And it was worth the wait, according to reviewers.
The Times awarded the film five stars.
Reviewer Kevin Maher said No Time To Die is “magnificent” and delivered on the potential Craig’s first Bond film Casino Royale teased in 2006.
Swedish cinematographer Linus Sandgren was praised for making the movie “visually astonishing” while Craig’s performance was also celebrated.
Maher said: “He’s a towering charismatic presence from opening frame to closing shot, and he bows out in terrific, soulful, style. His, perhaps, is an impossible act to follow.”
Writing in the Daily Telegraph, Robbie Collin also gave No Time To Die a glowing five-star review.
He praised the “sensationally thrilling and sinister prologue” and described the film as “often very funny indeed”.
Collin wrote: “The mood is often closer to the perkier passages of the Connery films, and the humour feels contemporary and British: the Phoebe Waller-Bridge script polish evidently yielded the desired result.”
Another five-star review came from the Guardian’s Peter Bradshaw.
Craig’s final Bond outing is an “epic barnstormer”, the reviewer said, with director Cary Joji Fukunaga delivering the film “with terrific panache”.
Bradshaw compared No Time To Die to the Marvel and DC superhero films, adding: “No Time To Die is startling, exotically self-aware, funny and confident, and perhaps most of all it is big: big action, big laughs, big stunts and however digitally it may have been contrived, and however wildly far-fetched, No Time To Die looks like it is taking place in the real world, a huge wide open space that we’re all longing for.”
Writing for the PA news agency, Damon Smith gave No Time To Die an 8/10 rating.
He compared the film favourably to the final movies of previous Bond actors, writing it “ends the losing streak in spectacular and moving fashion”.
Smith said: “No Time To Die is the most emotionally satisfying chapter under Craig’s guardianship and the subtle nods to the past 20 years sever some ties to the past and provide exciting opportunities for reinvention in the future. Bond will return and he or she will be a better person for it.”
The Sun’s Dulcie Pearce gave No Time To Die four stars out of five.
She said Craig “exits the franchise with a bang”, reserving special praise for the “simply spectacular” stunts.
However, Pearce found fault with the film’s run time of two hours and 43 minutes, writing “there are times you want get a defibrillator out and give it a much quicker pulse”.
She added: “The storyline feels like there were too many cooks, but it still tastes familiar enough to be craved.”
Empire magazine also gave No Time To Die four stars.
Reviewer John Nugent wrote: “This is a Bond film that dutifully ticks all the boxes – but brilliantly, often doesn’t feel like a Bond film at all. For a 007 who strived to bring humanity to larger-than-life hero, it’s a fitting end to the Craig era.”
Writing in The Independent, Clarisse Loughrey gave the film three stars out of five.

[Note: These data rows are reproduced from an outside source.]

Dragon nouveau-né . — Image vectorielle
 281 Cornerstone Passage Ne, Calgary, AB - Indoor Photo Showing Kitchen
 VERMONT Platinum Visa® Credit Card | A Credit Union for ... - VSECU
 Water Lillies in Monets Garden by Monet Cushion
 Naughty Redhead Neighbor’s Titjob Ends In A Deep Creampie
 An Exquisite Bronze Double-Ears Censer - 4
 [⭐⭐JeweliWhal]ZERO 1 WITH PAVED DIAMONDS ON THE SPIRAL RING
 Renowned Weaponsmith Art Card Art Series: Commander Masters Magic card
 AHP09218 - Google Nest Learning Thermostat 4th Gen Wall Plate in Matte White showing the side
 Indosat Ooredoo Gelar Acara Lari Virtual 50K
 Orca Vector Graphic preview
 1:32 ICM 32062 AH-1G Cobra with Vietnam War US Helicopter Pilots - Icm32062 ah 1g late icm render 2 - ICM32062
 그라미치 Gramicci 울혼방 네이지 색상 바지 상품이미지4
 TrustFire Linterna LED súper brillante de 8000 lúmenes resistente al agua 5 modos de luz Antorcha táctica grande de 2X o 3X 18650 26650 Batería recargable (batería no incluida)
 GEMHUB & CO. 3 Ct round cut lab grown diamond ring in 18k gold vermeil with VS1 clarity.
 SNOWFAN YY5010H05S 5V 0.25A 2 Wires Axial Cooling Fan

She said: “What’s most disappointing about the film is how uneventful the whole thing feels.”
Remi Malek’s performance was underwhelming, according to the review, which states the Oscar-winner “gives almost nothing to the role beyond his accent and stereotyped disfigurement makeup”.
But Craig’s performance was a fitting end, Loughrey wrote.
She said: “He is brilliant in No Time To Die, in a way that outshines everything around him. His granite-carved features crumple in just such a way, always at the right moment – his Bond contains an ocean of battered emotions trying to reach the surface.”